Login nodes never run compute — every command is wrapped in srun or sbatch via a login-shell SSH so the SLURM module loads correctly.

Install

pip install scitex-hpc

Usage

from scitex_hpc import JobConfig, srun, sbatch, sync, poll_job, fetch_result

cfg = JobConfig(
    project="scitex-dsp",
    command="pip install -e '.[dev]' -q && python -m pytest tests/ -n 16",
    host="spartan",
    partition="sapphire",
    cpus=16,
    time="00:30:00",
    mem="64G",
)

# 1. Sync local sources to the cluster.
sync(cfg)

# 2a. Blocking interactive run via srun.
exit_code = srun(cfg)

# 2b.

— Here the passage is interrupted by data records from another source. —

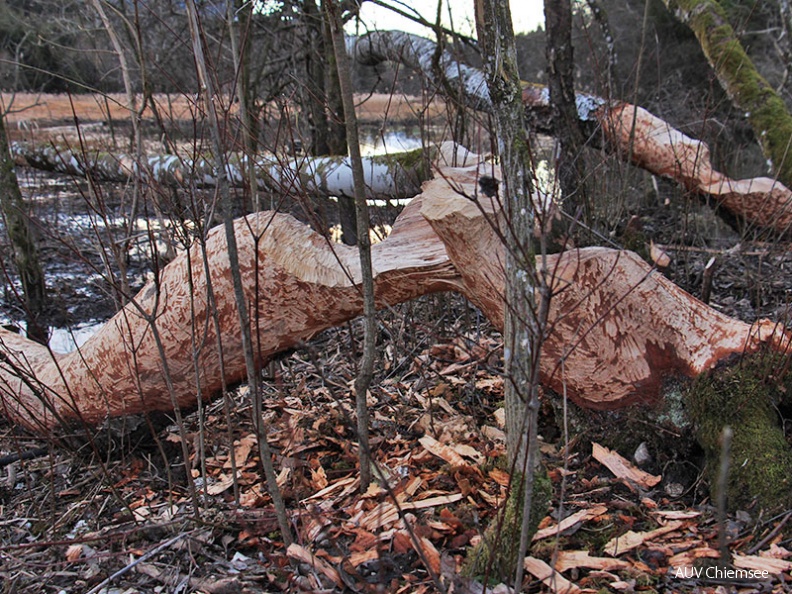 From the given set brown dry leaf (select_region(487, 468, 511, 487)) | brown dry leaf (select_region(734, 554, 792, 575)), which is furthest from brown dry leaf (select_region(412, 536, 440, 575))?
brown dry leaf (select_region(734, 554, 792, 575))

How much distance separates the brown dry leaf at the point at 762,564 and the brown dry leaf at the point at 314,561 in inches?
54.1

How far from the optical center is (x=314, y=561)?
7.48 feet

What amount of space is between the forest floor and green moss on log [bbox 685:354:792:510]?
124 millimetres

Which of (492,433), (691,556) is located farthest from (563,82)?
(691,556)

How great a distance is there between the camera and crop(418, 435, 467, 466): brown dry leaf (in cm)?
293

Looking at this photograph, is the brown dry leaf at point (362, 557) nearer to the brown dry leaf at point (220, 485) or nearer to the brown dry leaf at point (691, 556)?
the brown dry leaf at point (220, 485)

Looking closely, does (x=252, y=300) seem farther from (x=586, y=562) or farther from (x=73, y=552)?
(x=586, y=562)

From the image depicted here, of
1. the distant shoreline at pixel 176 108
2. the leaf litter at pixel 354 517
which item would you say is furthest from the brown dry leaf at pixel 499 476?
the distant shoreline at pixel 176 108

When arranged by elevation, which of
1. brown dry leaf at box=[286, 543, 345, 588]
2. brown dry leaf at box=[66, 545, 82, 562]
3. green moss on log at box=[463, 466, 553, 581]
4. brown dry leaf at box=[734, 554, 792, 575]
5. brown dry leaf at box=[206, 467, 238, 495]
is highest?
green moss on log at box=[463, 466, 553, 581]

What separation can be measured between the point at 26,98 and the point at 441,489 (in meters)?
19.9

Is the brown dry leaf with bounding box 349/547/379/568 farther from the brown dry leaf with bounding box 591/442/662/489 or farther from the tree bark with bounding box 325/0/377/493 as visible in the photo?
the brown dry leaf with bounding box 591/442/662/489

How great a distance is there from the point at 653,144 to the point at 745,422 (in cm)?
343

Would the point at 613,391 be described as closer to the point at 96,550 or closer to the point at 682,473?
the point at 682,473

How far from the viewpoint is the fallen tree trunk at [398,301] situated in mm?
2652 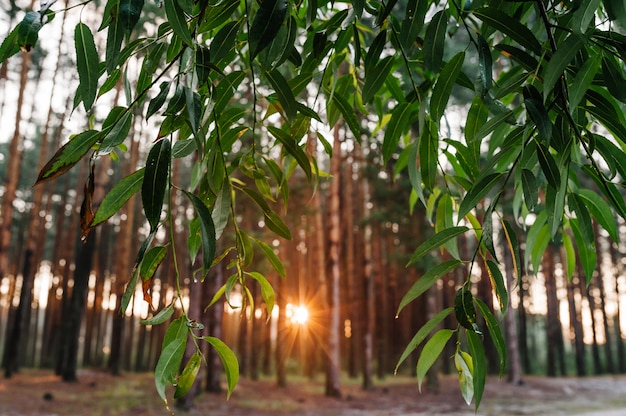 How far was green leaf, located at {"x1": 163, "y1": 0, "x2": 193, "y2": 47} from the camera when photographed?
0.54 m

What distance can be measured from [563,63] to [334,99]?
374 mm

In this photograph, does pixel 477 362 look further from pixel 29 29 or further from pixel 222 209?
pixel 29 29

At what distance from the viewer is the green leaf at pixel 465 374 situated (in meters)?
0.68

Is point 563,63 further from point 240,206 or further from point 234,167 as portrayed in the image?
point 240,206

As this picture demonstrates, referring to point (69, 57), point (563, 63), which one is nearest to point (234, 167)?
Result: point (563, 63)

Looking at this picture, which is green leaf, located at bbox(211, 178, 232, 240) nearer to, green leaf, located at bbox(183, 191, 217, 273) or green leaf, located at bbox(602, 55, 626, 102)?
green leaf, located at bbox(183, 191, 217, 273)

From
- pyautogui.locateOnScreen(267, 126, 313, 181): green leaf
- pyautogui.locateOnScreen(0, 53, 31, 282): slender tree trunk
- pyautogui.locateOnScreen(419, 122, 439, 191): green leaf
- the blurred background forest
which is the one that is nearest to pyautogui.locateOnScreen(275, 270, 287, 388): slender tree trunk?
the blurred background forest

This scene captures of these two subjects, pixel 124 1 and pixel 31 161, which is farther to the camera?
pixel 31 161

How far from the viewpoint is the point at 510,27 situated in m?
0.63

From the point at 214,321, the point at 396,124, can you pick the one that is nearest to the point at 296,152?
the point at 396,124

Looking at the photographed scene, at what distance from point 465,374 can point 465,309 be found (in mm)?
126

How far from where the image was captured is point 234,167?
81cm

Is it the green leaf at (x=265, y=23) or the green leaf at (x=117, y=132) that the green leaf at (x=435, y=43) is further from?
the green leaf at (x=117, y=132)

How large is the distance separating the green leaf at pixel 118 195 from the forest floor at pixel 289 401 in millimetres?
7262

Async batch submission via sbatch.
job_id = sbatch(cfg)
print(poll_job(cfg, job_id))   # {'state': 'COMPLETED', 'exit_code': '0:0', 'elapsed': '00:01:23'}
fetch_result(cfg, job_id)      # downloads the .out file

Reservations (book once, exec many)

For workflows where queue wait dominates iteration time — multi-agent fleets, distributed test runners, jupyter-on-HPC — book a node once and run many short commands inside its allocation:

from scitex_hpc import JobConfig, Reservation

# Book a 7-day allocation
res = Reservation.book(
    JobConfig(
        project="dev-pool",
        host="spartan",
        partition="cascade",
        cpus=8, mem="32G", time="7-0",
    ),
    persistent=True,        # walltime auto-resubmit (Phase 2)
)

# Run many commands inside the SAME allocation — no queue wait
res.exec("hostname")                          # → "spartan-bm022.hpc..."
res.exec(["python", "-m", "unittest", "discover"])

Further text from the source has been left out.